GRUB not ready for public use

Most GNU+Linux OSs now come with only GRUB available as part of the setup. So after the last incident with Ubuntu breaking my laptop MBR, I decided to approach it differently. I found a USB stick which I could use as my "boot" drive, I created the ext3 /boot partition on it, and installed GRUB onto hd3 as part of the install (which I am guessing correlates with /dev/sdc, although that was not explained anywhere in Ubuntu).

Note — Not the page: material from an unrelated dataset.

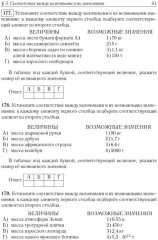 ЕГЭ-2026. Математика. 10-11 классы. Тематический тренинг - Фото 12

So when I rebooted and expected it to work.. the GRUB screen appeared, with my menu choices. However.. none of them worked, not even my "Microsoft Windows" one, which should have surely just been hooked into the MBR or Bootsector of my C drive (sda/hd0)!? The Kubuntu menu items just said kernel not found.

What is really odd is that GRUB is so anti-user-friendliness. It says "Error 17" whatever that means, could they really not have included a few words to explain the problem? I typed "help" and was presented with some commands, but no interactive help, I don't know what order to specify root/boot/chainload?? etc, and I could not even view the available discs/partitions that were available!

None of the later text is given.